Just as BNP Paribas and Société Générale did a few weeks ago, Crédit Agricole has confirmed the layoff rumours that have been rampant for some time now. The bank will lay off 2350 people worldwide with 850 in France alone. The cutback will mostly take place in investment banking. 21 foreign subsidiaries will be closed and 1750 persons will be made redundant.
If the public statement of the Green Bank (we are stopping our trading activities to concentrate ourselves on the retail banking business) has been calibrated to please the public, it masks several other strategic abandonments which will have serious ramifications on the bank’s profitability during the coming years.
The french bank unveils a new corporate and investment banking model centred on serving major clients and the closure of operations in 21 countries
Crédit Agricole which had already announced the suppression of its activities in aeronautic financing, project and shipping financing carried out in US dollars will also eliminate its activities in Equity and Commodity derivatives. “It is a major mistake” according to Etienne Bairr [1], an outgoing senior executive of one the main French banks.
“French banks have lost an economic war currently taking place over the financial landscape. It is not so much the layoffs that are the problem but the suppression of activities in strategic parts of the world and more broadly the scrapping of financing activities in profitable sectors such as aeronautics during the coming years. How will we justify leaving such a profitable sector in the next 10 to 20 years? This is especially true in Asia and the gulf region where this sector’s growth is expected to amount in the tens of billions” adds Etienne Bair.

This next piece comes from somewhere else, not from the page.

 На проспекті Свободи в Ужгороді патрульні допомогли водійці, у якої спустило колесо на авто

Several Asian, American and even European banks have voiced their delight at this massive withdrawal of French banks. It is especially the case of Standard Chartered Bank. The latter, which has a long term presence in Asia and the Middle East where it achieves almost 80% of its profits, sees the opportunity to grab part of the business left by its outgoing competitors. “As a result of the stricter regulation and the escalating sovereign debt crisis in the Eurozone, we are expecting a massive deleveraging from European banks” has recently confided Richard Meddings, Standard Chartered’s financial director, to Reuters. He is expecting to grab market shares in cash management, project financing and import / export financing. He is also planning to increase the sale of high value added goods. This would not only be targeted to the bank’s first 100 clients but the next 500 as well.
Etienne Bair shares this view. “Some corporate companies are already complaining of the absence of French banks during financing operations. This will penalize the banks’ underlying activities (advisory, the sale of hedging products through derivatives) which have strong profit margins. Most clients, when they obtain financing, carry out their hedging operations on fixed income, foreign exchange and commodities with the banks that have participated in the financing process. The French banks therefore run the risk of seeing a sharp drop in profits caused by the scrapping of these activities. The banks that resist will then be able to increase their margins.

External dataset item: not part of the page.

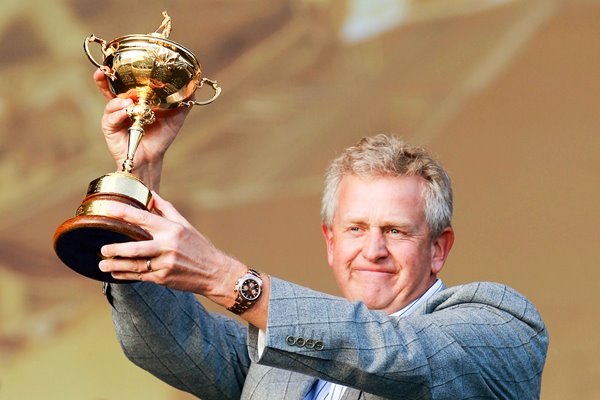 Monty raises trophy at Closing Ceremony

If the activities of the French banks in the United States and Asia were indeed profitable, they were very capital consuming. French banks were also finding it more and more difficult to access financing in US dollars since they were being gunned down by American monetary funds. The latter have been the first to take hostile action by withdrawing almost 100 billion dollars from European banks (mainly French ones) between the end of May and the beginning of August thus increasing the pressure on them.
“Instead of helping to improve dollar liquidity in the overall financial system, the Fed became worried about the possible leaking of funds from the US towards Europe through the subsidiaries of some European banks. It woke up too late by decreasing its currency swap rates with other central banks and the damage was already done” analyses Etienne Bair.

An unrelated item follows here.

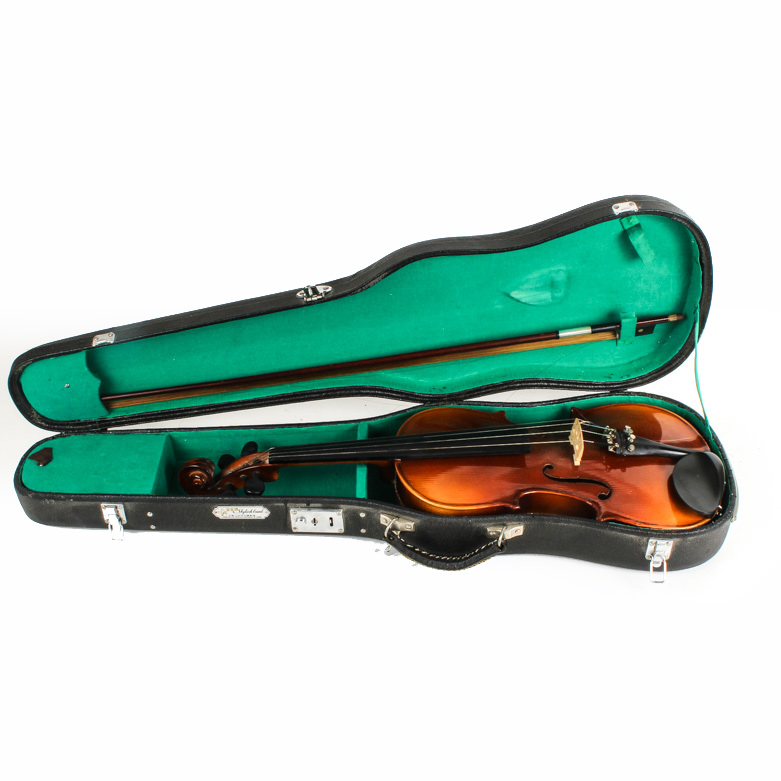 Skylark Violin and Case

Must we see some kind of conspiracy in all this as suggested by Laurence Parisot, the chief of the MEDEF? “A conspiracy? I don’t know but we live are in an extremely competitive world and the French banks have been naïve. They should have cooperated among themselves and refused the application of these new iniquitous rules that are totally counterproductive and absurd. American banks have never complied to the Basel II agreements, it’s a political choice! French and European banks should do likewise with Basel III” answers Etienne Bair.